The Adventurers Creative Writing – What did we learn?
At Cymru Global, we have recently completed a creative pilot that I called “The adventurers”. My aim was that people would come along on an adventure, both in terms of what I’d be teaching but also in terms of what they would be taking away from the sessions. They have been such an interesting experience.
The pilot itself came about because of a comment that stayed with me. After carrying out a taster session called What is Global Citizenship?, someone made the comment:
“We hear the concepts but we never hear the stories”
I really understood that feeling. We so often talk about “big ideas” in global learning. like equality, intersectionality and identity but when we try to explain these things, it can all feel academic and removed from us. Global citizenship can be a concept that feels far removed and it can be hard to see these large concepts that underpin our lives.
Stories are the opposite of that. There are really very few people who don’t love hearing “the story”, a fact that’s evidenced by the internet’s obsessions with curiosity and clickbait in the present and by the way that myths and archetypes have been passed along through generations, purified by past as they’ve been handed down.
I wondered about exploring global citizenship through storytelling techniques. The invitation would be for people across Wales to come together for four online sessions in which they could reflect on themes that would be personal to them and yet also entirely universal. I wanted to see what would happen when we invited people to engage personally with global citizenship, to try out storytelling techniques and see what would change when we gave people space to tell their own stories.
The sessions took place across five weeks in May to early June and the sessions were
The main character is you: This sessionexplored identity and perception through nicknames and list poetry, reflecting on how people in our lives see us and how that has changed over time.
Landscapes and adventures This session explored connections to and knowledge about the world through diverse communities, investigating some of the features of adventure stories and using landscapes to develop story openings.
Shadow figures and monsters. This session explored authenticity and empowerment through looking at “the monstrous” figures of storytelling and creating our own “monstrous selves” based on the opening of Franz Kafka’s Metamorphosis.
Making Good endings explored hope for the future through reflecting on what we need to make a good ending and writing scenes of healing and hope.
The pilot brought together twenty participants from across Wales and the major feedback that I had from the session s was the impact it had on how participants’ mental health. It seemed universal that participants experienced an emotional “shift” at the end of the sessions compared to the beginning. Some of the comments were:
I felt very different at the end of today compared to the beginning
I really hope you do this again, the space to think was so helpful
It’s not just about how these sessions help me as a writer, they’re also about how they helped me reflect as a person
Something that also came from the feedback was a theme of vulnerability and privacy. Telling our stories intrinsically involved speaking about parts of ourselves that were not necessarily easy to speak about. These included the monstrous parts of ourselves, the things in the world we felt afraid of, belonging and the lack of belonging.. These are not the first things we speak about when we meet new people and yet in an online writing class, we were exploring just that.
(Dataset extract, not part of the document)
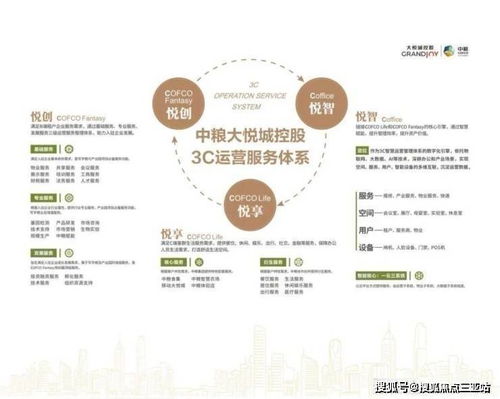 三亞大悅中心創業SOHO 五一特惠現房限時搶購，開啟濱海創業生活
A feature that became a (somewhat amusing) theme was, in a class where we didn’t expect to share our writing, somehow people found themselves wanting to share more.
An unexpected outcome was a sense of community, developed through speaking about something far beyond smalltalk. What was also remarkable was that several of my colleagues attended the sessions. People who had worked alongside each other for some years had an opportunity to get to know one another in a completely different way. The result was the start of a small community of writers, reflecting on issues that affected all of us and reacting together.
You might be wondering what all this might have to do with global citizenship. Here is feedback that is very much about people’s experience of storytelling and emotional completion but did it actually support my original ideas of making global citizenship come to life? Did anyone really learn anything? My short answer is: absolutely.
I have three aims for my department over the next few years:
To improve people’s knowledge of the world
To empower people to take action in the world
To increase hope for the future
What I found so interesting about this work is how well creative writing acted as a vehicle for helping people towards those aims. When we started speaking about our connections to the world, it gave us a platform for understanding what the world was like for different people including concrete experiences of how life varied from place to place. When we spoke about monsters, the reflections were both freeing (to be honest about what we don’t like about ourselves, to let our whole selves be on display) and empowering (to speak about parts of ourselves that were too large or powerful for societal constraints). When we spoke about good endings, it gave a vocabulary for what we had overcome and what we could do in the future.